### YOUR GOAL
Make an exact transcript of the lines in the data below, starting with the one containing "BELLA LAGO - Residential" and going on through the one containing "Ford Explorer Platinum Image 6", with both included and the pictures left out.

### TASK MATERIAL
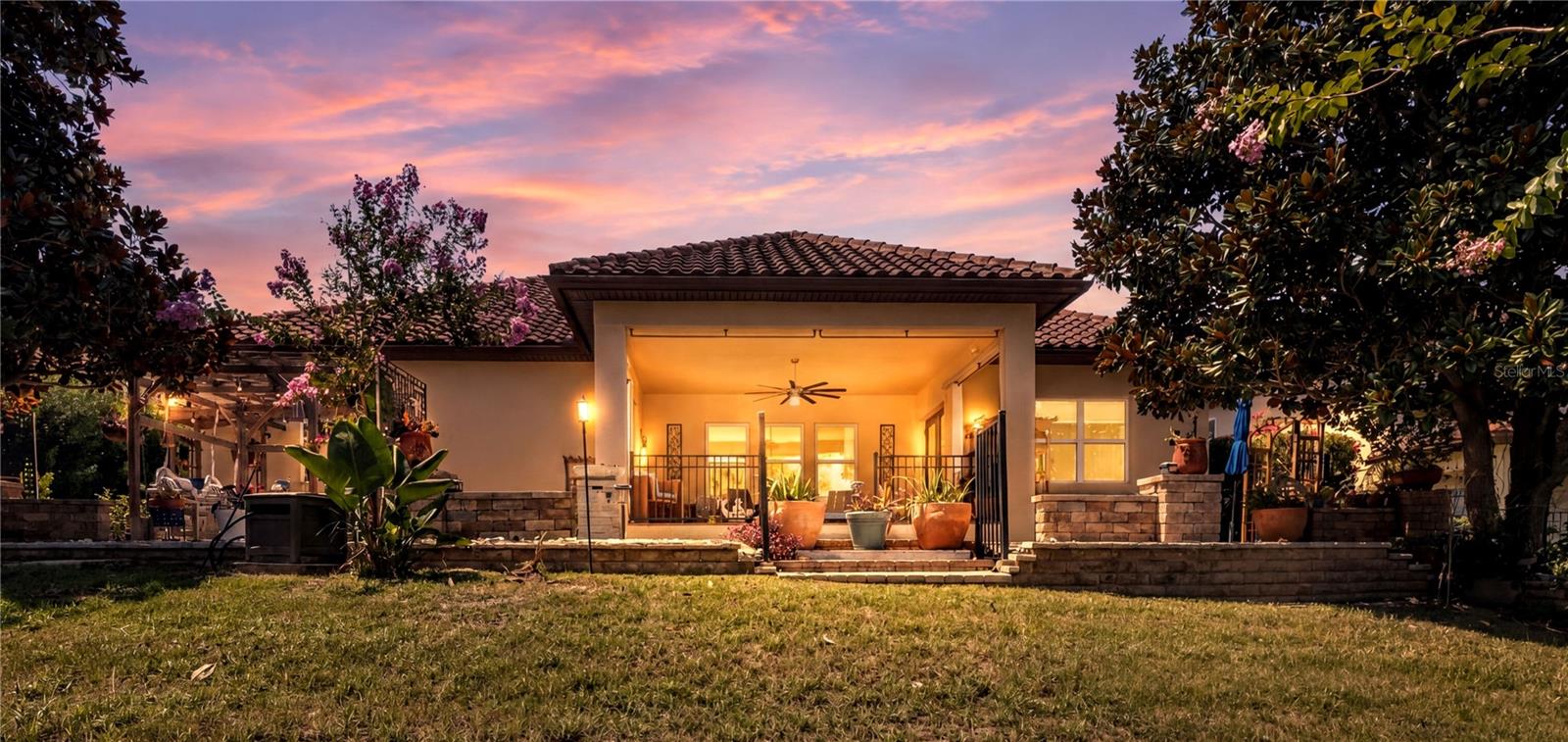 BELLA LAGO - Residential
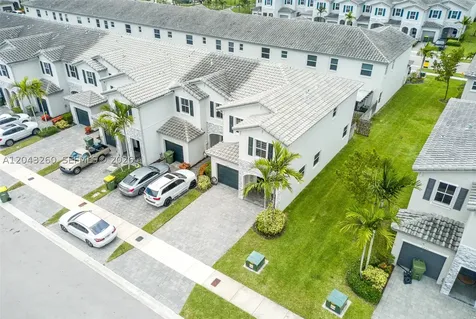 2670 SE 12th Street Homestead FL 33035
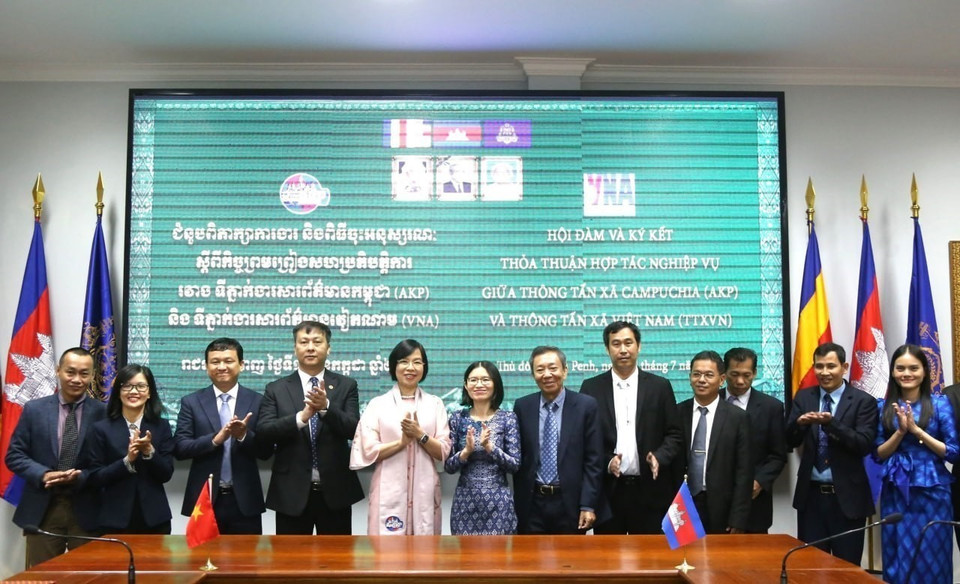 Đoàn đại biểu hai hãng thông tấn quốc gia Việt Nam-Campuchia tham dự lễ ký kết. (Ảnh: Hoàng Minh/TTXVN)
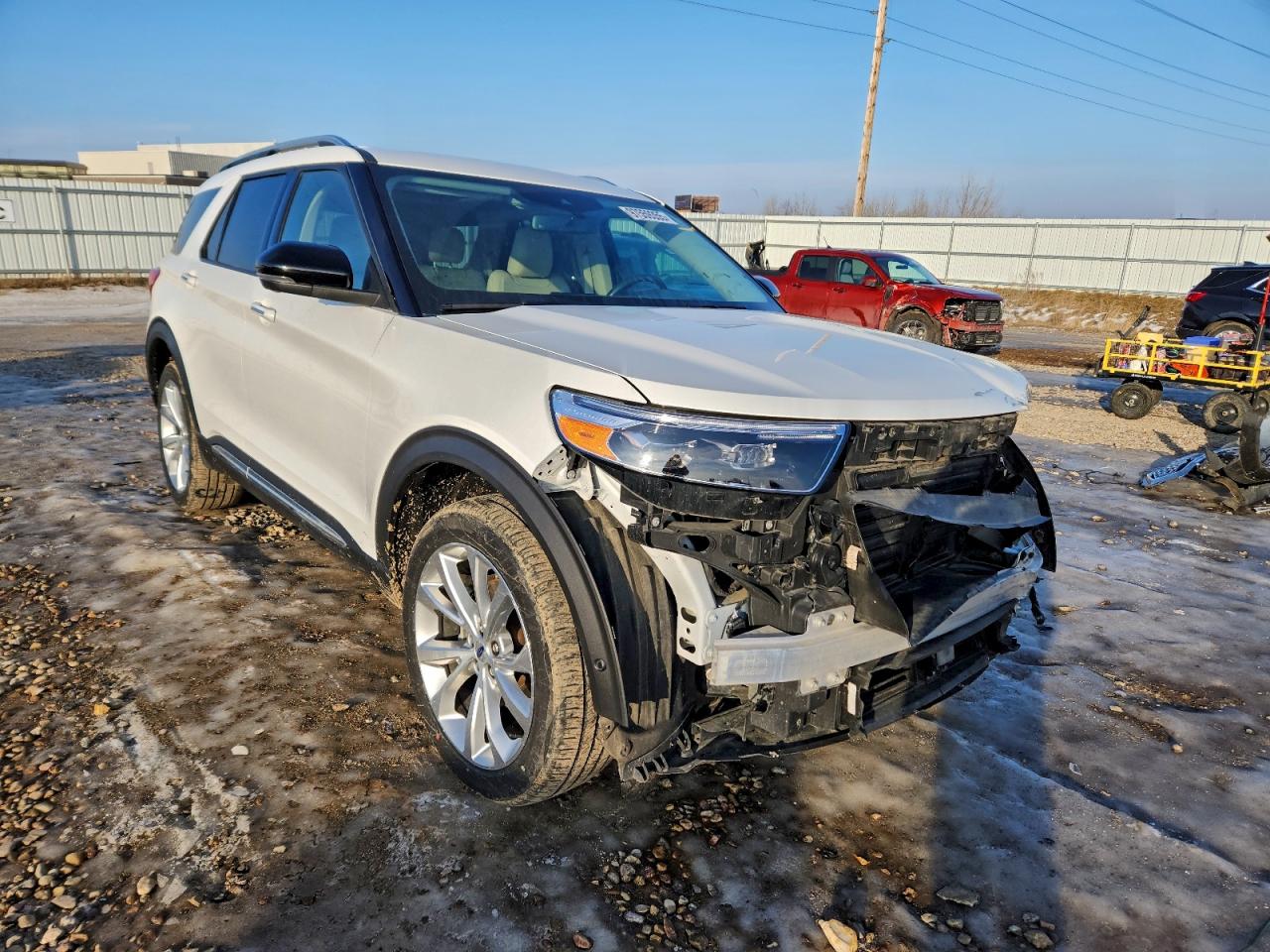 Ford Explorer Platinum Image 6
==
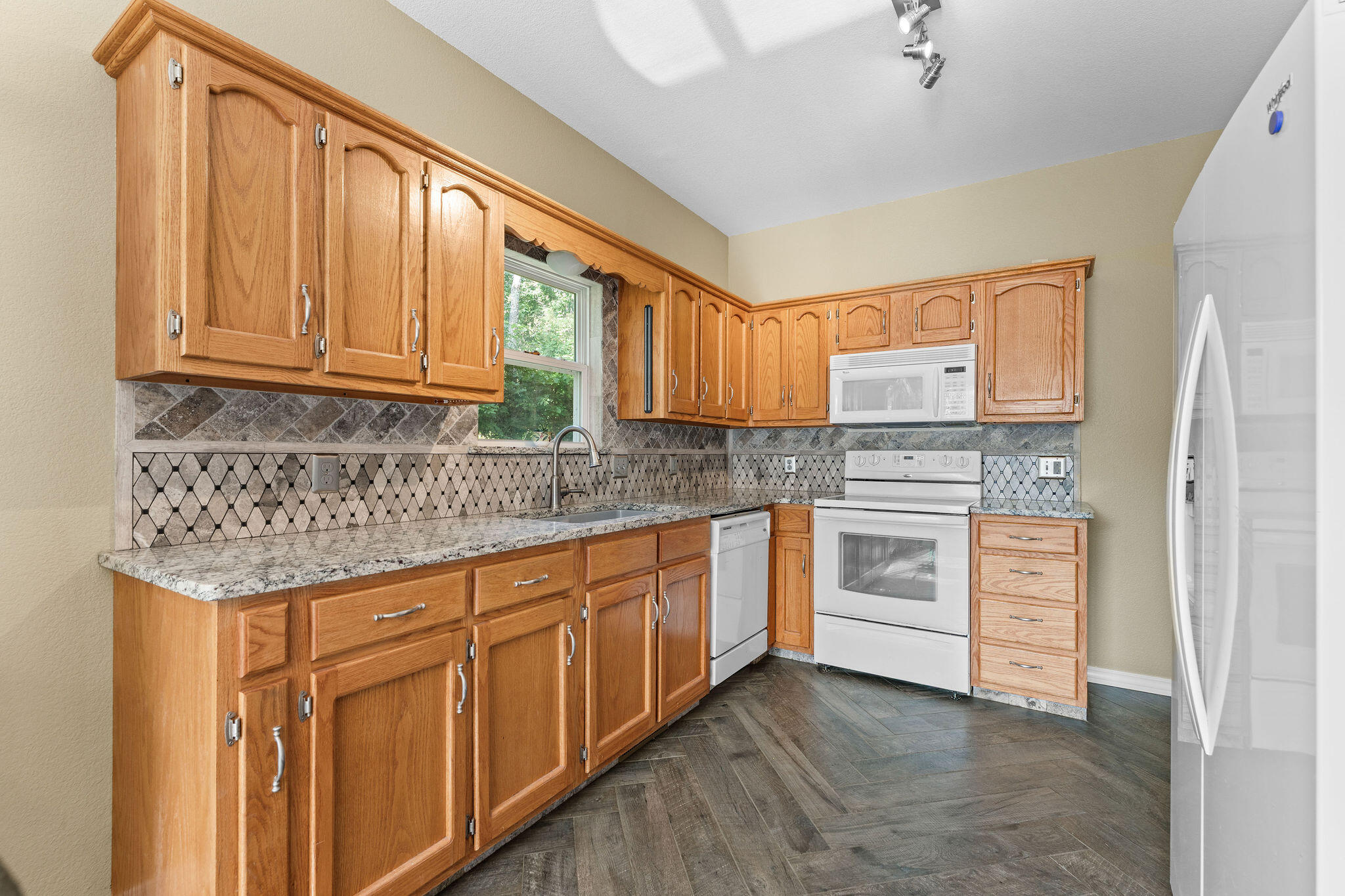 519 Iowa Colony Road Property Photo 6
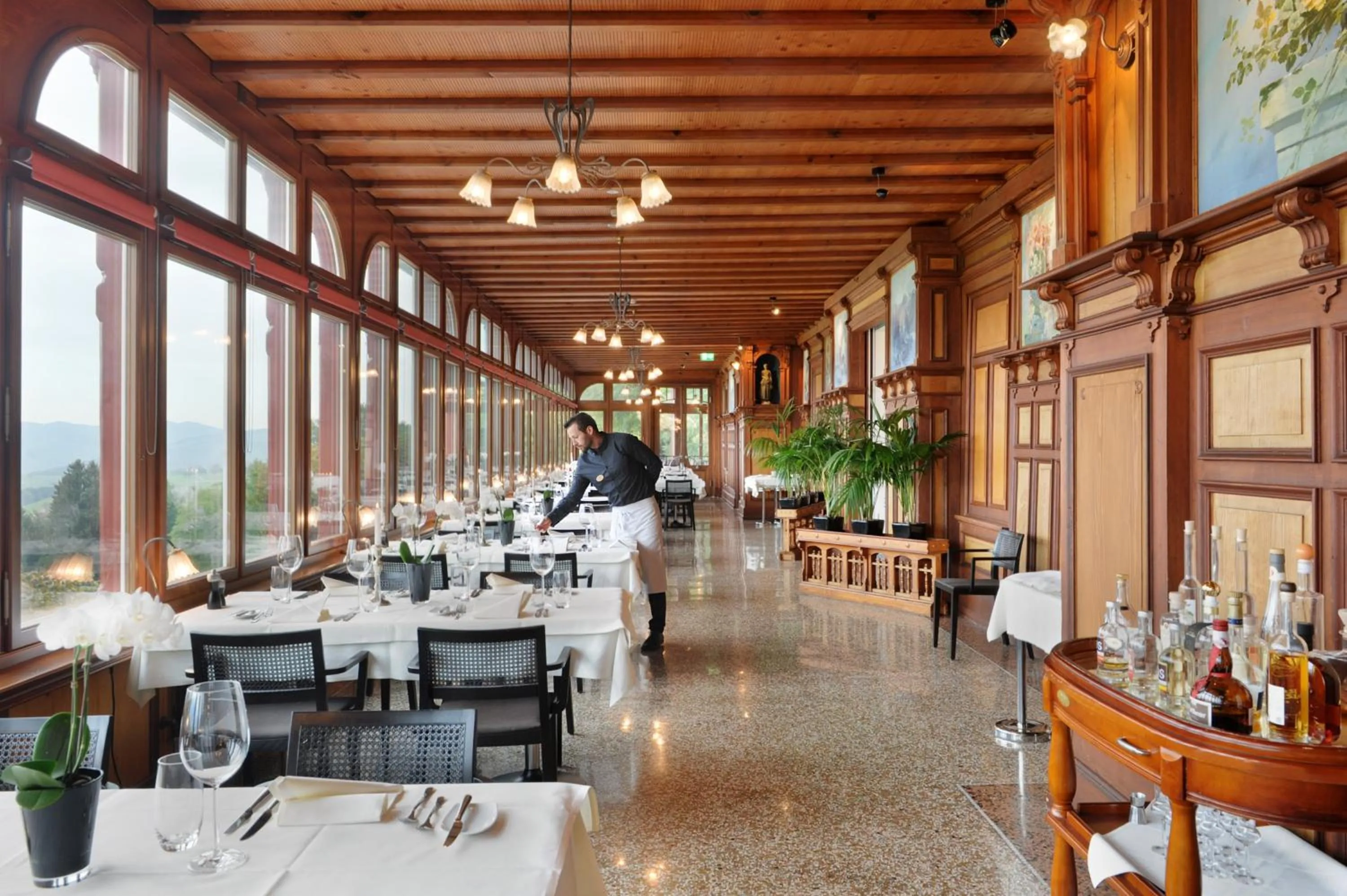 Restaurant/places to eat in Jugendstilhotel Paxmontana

### ANSWER TO THIS EXERCISE
 BELLA LAGO - Residential
 2670 SE 12th Street Homestead FL 33035
 Đoàn đại biểu hai hãng thông tấn quốc gia Việt Nam-Campuchia tham dự lễ ký kết. (Ảnh: Hoàng Minh/TTXVN)
 Ford Explorer Platinum Image 6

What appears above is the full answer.